Quant aux règlements communautaires, l’article 288 du traité sur le fonctionnement de l’Union prévoit que les dispositions des règlements sont directement applicables dans tout état membre. Cet effet direct peut, en fonction de la question traitée, vertical ou horizontal.

c) les directives

Article 288, les directives ont comme destinataires uniquement les états membres. Elles créent à la charge des états une obligation de résultat tout en leur laissant le choix des moyens. Si une directive est correctement transposée par l’état, les particuliers peuvent ensuite invoquer les dispositions du droit national qui ont opérées la transposition de la directive. Dans la logique du traité, la directive n’a pas normalement d’effet direct. Pourtant, la CJCE a reconnu dans un arrêt « Van Duyn du 4 décembre 1974 », qu’il est possible dans certains cas, pour les dispositions d’une directive, de produire un effet direct. (Mme Van Duyn, ressortissant hollandaise, membre de l’église de la scientologie, s’est vue refusée l’entrée au RU. Les autorités britanniques estimaient en effet que l’appartenance à la Scientologie pouvait représenter une menace à l’ordre public. La requérante a alors invoqué les dispositions d’une directive adoptée en 1964 qui offre des garanties de fond et de procédure aux travailleurs communautaires qui font l’objet d’une mesure d’ordre public. Le juge britannique a saisi la CJCE par le biais du renvoi préjudiciel. La Cour a donné une réponse positive en estimant que le traité reconnaissait un effet contraignant à la directive, cet effet serait affaibli si les particuliers étaient empêchés de se prévaloir d’une directive devant les tribunaux nationaux). Dans cet arrêt ont été définies les conditions de l’effet direct d’une disposition d’une directive: clarté, précision et inconditionnalité. L’effet direct fonctionne comme un substitut au défaut, de la part de l’état, de se conformer à son obligation de transposition:

  • l’état n’a pas transposé une directive
  • l’état n’a pas correctement transposé une directive
  • l’état a retardé la transposition

Dans ces hypothèses, l’effet direct reconnu par la Cour offre un remède, c’est un moyen d’obtenir par voie judiciaire que les états respectent leur obligation de transposer correctement et intégralement une directive. C’est cette logique qui explique la limite que connait l’effet direct des directives: l’effet direct peut être seulement vertical. Plus précisément, les dispositions claires, précises et inconditionnelles d’une directive peuvent être invoquées par un particulier devant les tribunaux nationaux à l’encontre de l’état qui est responsable du défaut de transposition (= effet vertical ascendant = particuliers / état). En revanche, la directive n’est pas transposable par les états membres à l’encontre d’un particulier (= effet vertical descendant = état / particuliers).

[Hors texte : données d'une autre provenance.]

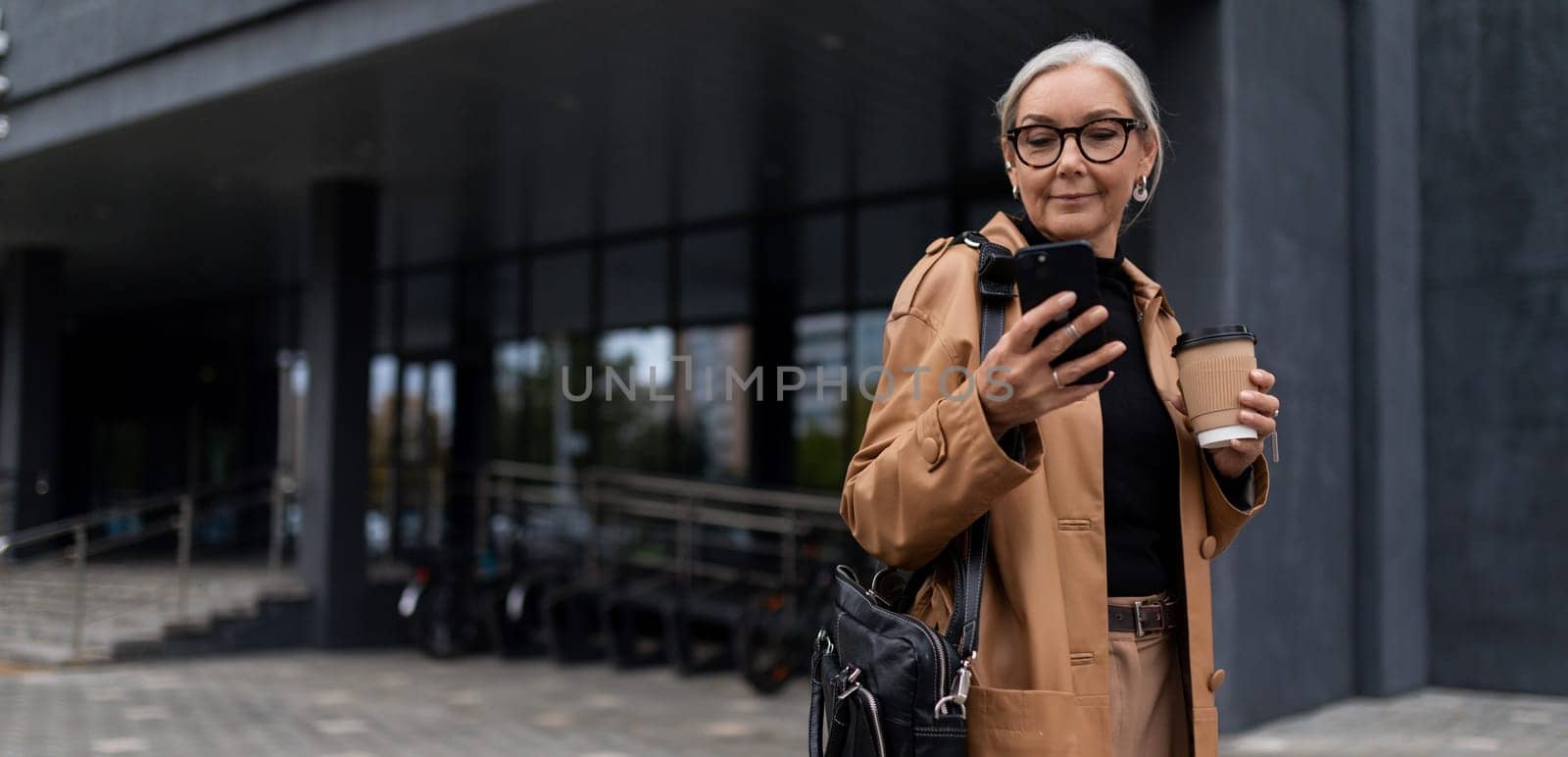 a mature adult female director with gray hair during a break with a phone stands against the backdrop of a business center.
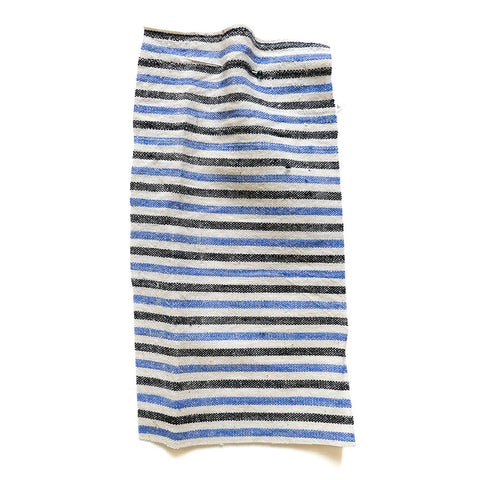 Fabric woven with cream, blue and black stripes.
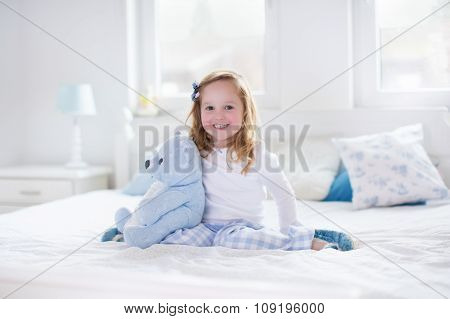 Little Girl Playing With Toy And Reading A Book In Bed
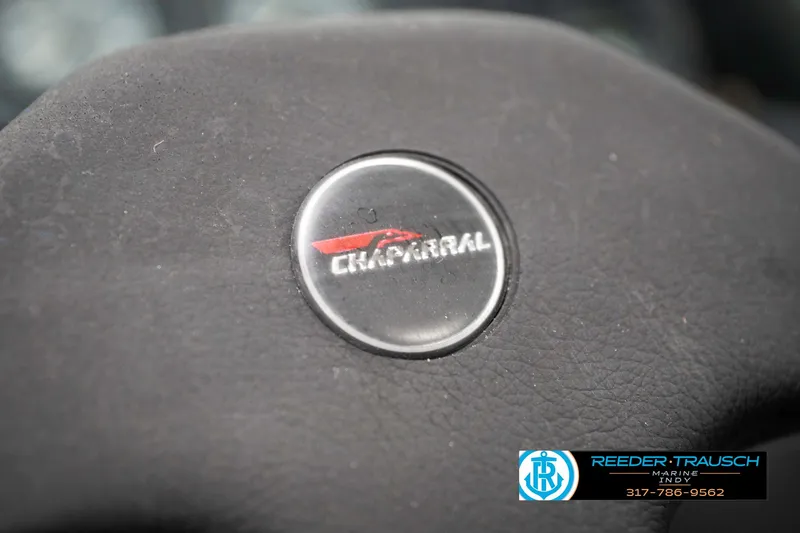 Slide: The Image of Chaparral 1800 SL 1991 steering wheel emblem with logo and text. - 28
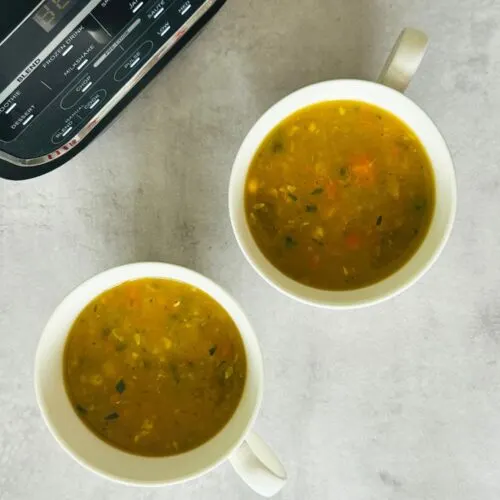 Chunky Vegetable Soup in two soup mugs next to a Ninja soup maker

La directive ne peut pas être invoquée par un particulier contre un autre particulier (effet horizontal). La Cour a affirmé cette exclusion de l’effet horizontal des directives dans l’arrêt Marshall du 26 février 1986. Selon la Cour, une directive ne peut pas, par elle-même, créer d’obligations dans le chef d’un particulier. Par conséquent, une disposition d’une directive ne peut être invoquée en tant que telle à l’encontre d’un particulier. Cette position a été confirmée par un arrêt du 14 juillet 1974 Faccini Dori. Selon la Cour, lorsqu’une directive n’a pas d’effet direct, il existe malgré tout, une obligation d’interprétation du droit national par le juge national à la lumière du texte et de la finalité de la directive. Les juridictions nationales doivent toujours tenter d’interpréter le droit national en conformité avec la directive. Cette obligation d’interprétation conforme a été énoncée pour la première fois dans un « arrêt du 13 novembre 1990, Marleasing ». La Cour applique les mêmes critères aux dispositions des accords extérieurs conclus par l’Union et, à quelques exceptions près, la Cour refuse l’effet direct des dispositions de l’OMC.

3 – Primauté

Le principe de primauté a été énoncé dans l’arrêt fondateur du 15 juillet 1964, Costa vs ENEL. La Cour commence par affirmer que les états ont limité, dans certains domaines, leurs droits souverains et qu’ils ont ainsi créé un corps de droits applicables aux états et à leurs ressortissants. Selon la Cour le traité a institué un ordre juridique propre intégré au système juridique des états, un ordre juridique qui s’impose aux juridictions nationales: le principe de primauté est un corolaire de la nature même de la communauté, c’est une nécessité existentielle à l’ordre juridique communautaire. S’il y a contradiction entre une disposition européenne et une norme nationale, la disposition européenne prévaut. Le principe de primauté concerne toutes les dispositions du droit communautaire sur toutes les dispositions de droit nationales y compris, selon la CJCE, sur les dispositions constitutionnelles. Cette primauté sur les dispositions constitutionnelles est exprimée dans un arrêt Internationale « Handelsgesellschaft du 17 décembre 1970 », selon la Cour, le droit né des traités issu d’une source autonome ne pourrait, en raison de sa nature, se voir opposer des règles de droit nationale qu’elle quelque soit sans perdre son caractère communautaire en sans que soit mis en cause la base juridique de la communauté elle même. Ce principe de primauté entraine des conséquences qui ont été dégagées par la CJCE dans les arrêts qui ont suivis:

  • en cas de contrariété entre une disposition nationale et une disposition du droit communautaire, le juge national a l’obligation d’écarter la norme nationale et il doit appliquer la norme communautaire: arrêt « Simmenthal du 9 mars 1978 ». Pour assurer la pleine effectivité du droit communautaire, le juge national doit interpréter le droit national à la lumière du droit communautaire (= interprétation conforme du droit national qui pèse sur les juridictions nationales)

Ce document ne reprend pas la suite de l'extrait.